Wednesday, January 16, 2008

Bad forms, part II

Continental Logo

I recently booked a flight on the Continental web site. I knew approximately the flight I wanted to book, so dug right away into the search to select it. I encountered the following issues:

  • When the results came, the prices were in Swiss francs. Since I was in Switzerland but using a US credit card, I decided to switch my location using the quite nicely done language and location menu available on the result page.

    I first noticed a funny glitch: for Switzerland, the language selection was English and German. English was selected by default, which suited me, but English was the second radio button in the list. When I switched to the United States location, the second radio button remained selected.

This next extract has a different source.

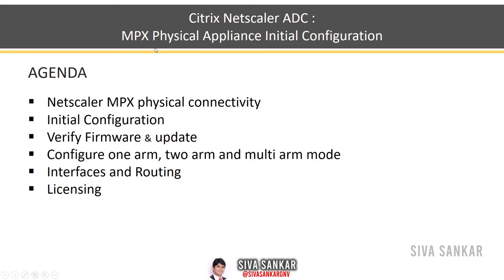In this video we are going to cover Citrix NetScaler ADC MPX physical appliance initial configuration. This video is part of the Citrix NetScaler training series. What we are going to cover is NetScaler MPX physical connectivity, then initial configuration, and after that we need to verify the firmware — because generally NetScaler will be shipped with old firmware — and then we need to update it.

However, since for that location the language selection was English first, then Spanish, the result was that the Spanish language was selected. Oops.

  • This was just a little bug though. The bigger problem was that as the language was switched, somehow the search page kept my flight dates, but lost the selected flights. So I had to go through them again.

  • When doing the final checkout, I omitted a digit in the credit card number. It took the web site almost one minute, after I pressed the submit button, to tell me that there was a problem with that number.

  • When that was fixed, I also happened to have forgotten to enter the billing address. The same thing happened: I had to wait for quite a long time after submitting the form to get a message telling me that that was wrong.

Now let's say the developers of the Continental web site decide to switch to Orbeon Forms and XForms for the next version of the web site:

  • With XForms, they easily set constraints, such as saying that the value of the radio button should be the currently selected value (say, 'en') if available, or then the default value if unavailable.

  • Localized user interface resources are stored in a separate XForms instance (which is an XML document). When switching the resources document, the entire user interface updates without losing the other data captured by the user.

  • XForms has several mechanisms to check input data: you can use XML Schema types or XPath constraints (XForms 1.1 even supports a credit card number type) to make sure that a Visa or Mastercard number is at least approximately correct in length and that the redundancy digit applies correctly.

  • XForms also support ways to mark fields as required so the user doesn't forget to enter some information.

And this is all interactive too, meaning that the user doesn't need to wait one minute to know that some fields are missing or incorrect.